WORK INSTRUCTION >> All that should be output is the block of lines below from the line with "WBXYJ3C38JEP76567 фото 2" to the line with "Elegant Premium White", both included, exactly as written.

RECORDS FOR THE TASK >>
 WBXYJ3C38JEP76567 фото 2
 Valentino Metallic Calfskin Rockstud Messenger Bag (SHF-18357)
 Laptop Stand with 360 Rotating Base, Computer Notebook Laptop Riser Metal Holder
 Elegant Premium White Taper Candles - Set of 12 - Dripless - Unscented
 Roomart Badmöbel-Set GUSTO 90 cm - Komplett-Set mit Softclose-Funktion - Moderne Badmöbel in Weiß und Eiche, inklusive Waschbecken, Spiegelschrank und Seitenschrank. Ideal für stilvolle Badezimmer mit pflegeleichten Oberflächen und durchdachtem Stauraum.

* * *

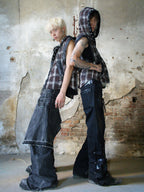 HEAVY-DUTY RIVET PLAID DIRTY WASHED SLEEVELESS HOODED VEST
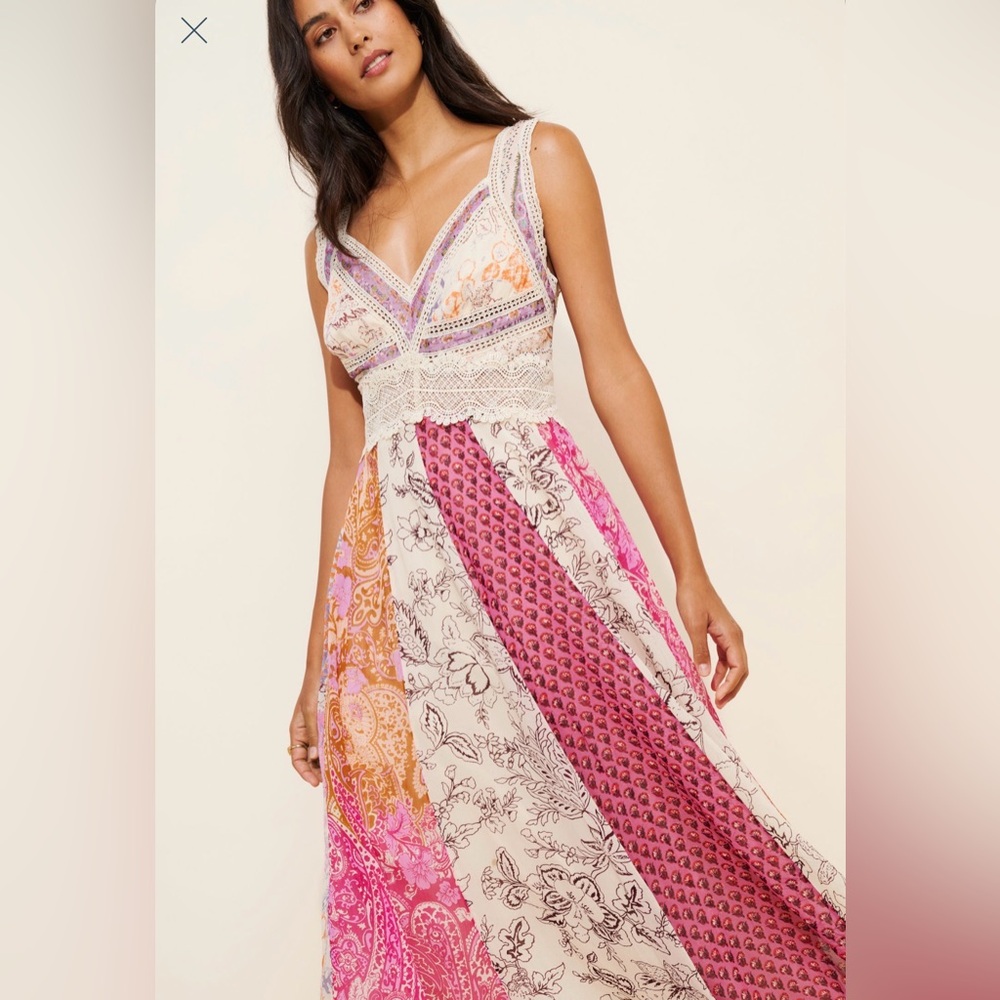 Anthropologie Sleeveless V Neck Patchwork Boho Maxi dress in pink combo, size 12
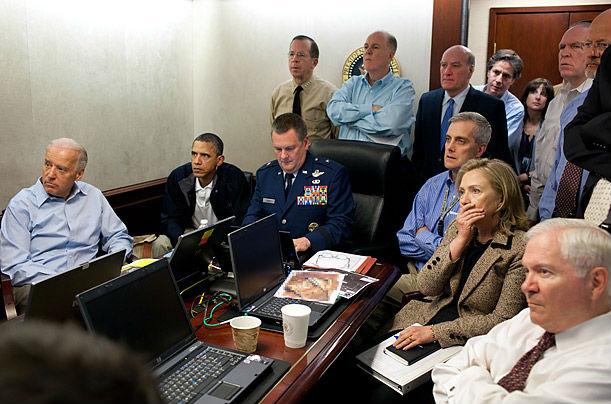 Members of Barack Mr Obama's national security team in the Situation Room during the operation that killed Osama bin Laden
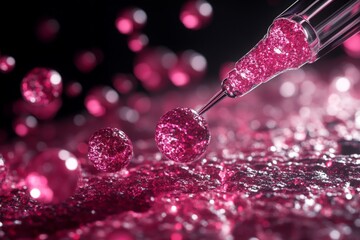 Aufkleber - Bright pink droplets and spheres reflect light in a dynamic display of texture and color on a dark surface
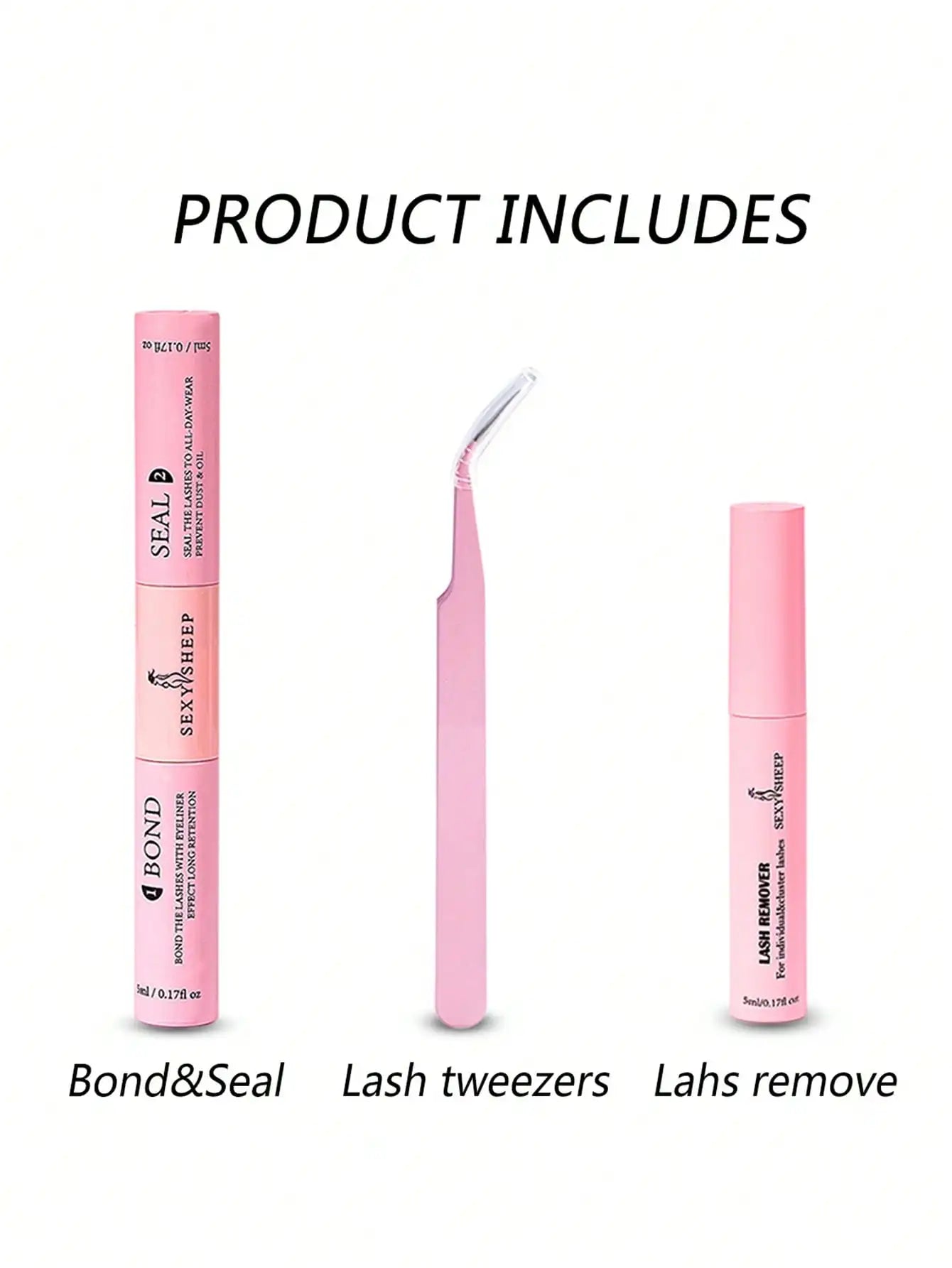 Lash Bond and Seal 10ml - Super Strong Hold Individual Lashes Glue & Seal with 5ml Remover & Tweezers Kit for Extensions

...

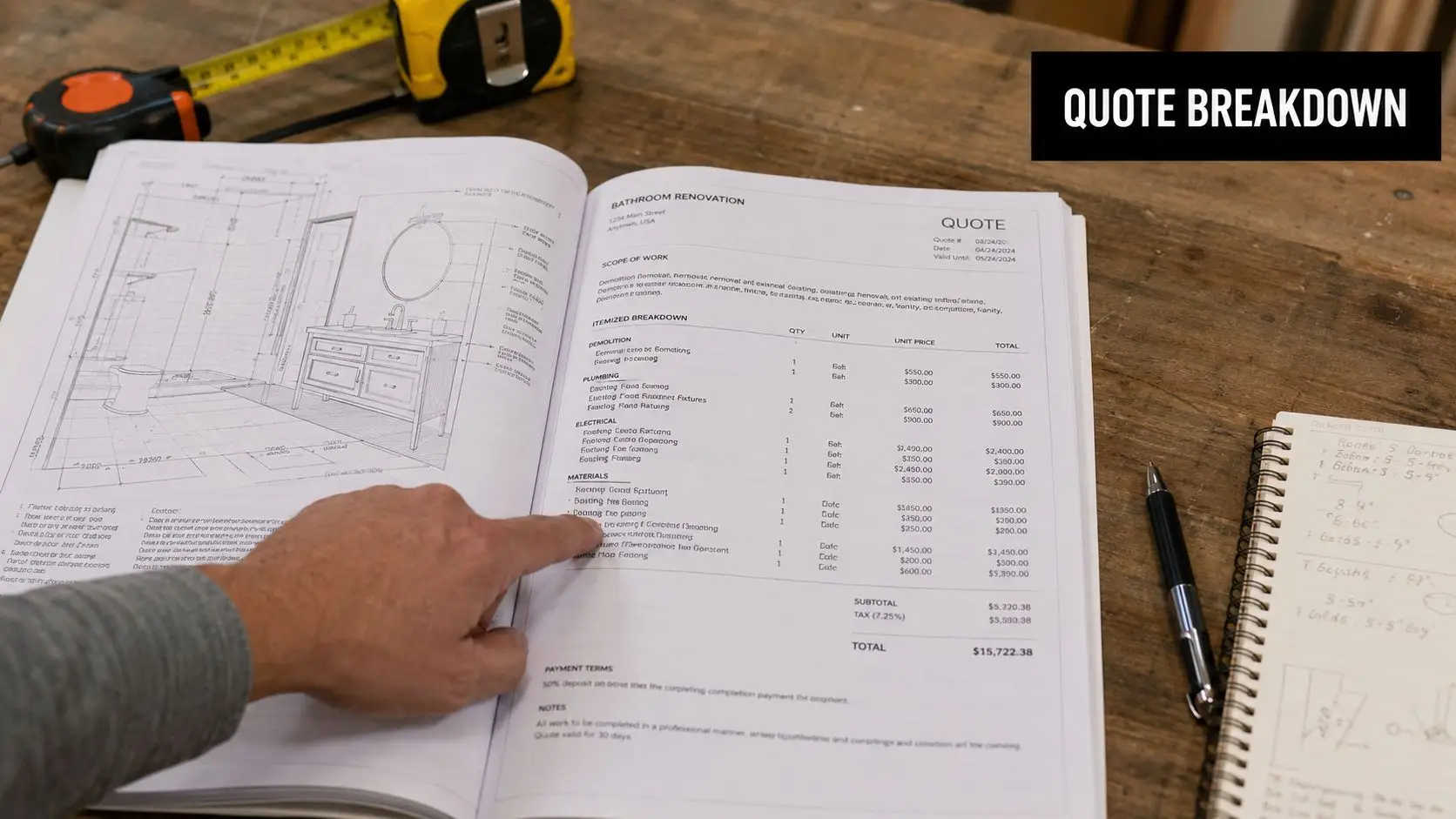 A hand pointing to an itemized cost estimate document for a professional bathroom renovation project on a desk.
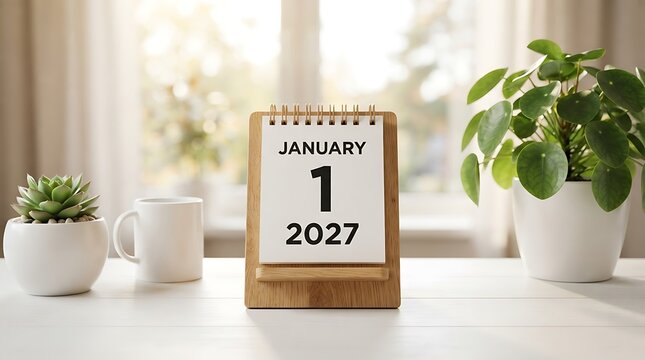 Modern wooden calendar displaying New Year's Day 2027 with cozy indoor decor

SOLUTION TO THE EXERCISE >>
 WBXYJ3C38JEP76567 фото 2
 Valentino Metallic Calfskin Rockstud Messenger Bag (SHF-18357)
 Laptop Stand with 360 Rotating Base, Computer Notebook Laptop Riser Metal Holder
 Elegant Premium White Taper Candles - Set of 12 - Dripless - Unscented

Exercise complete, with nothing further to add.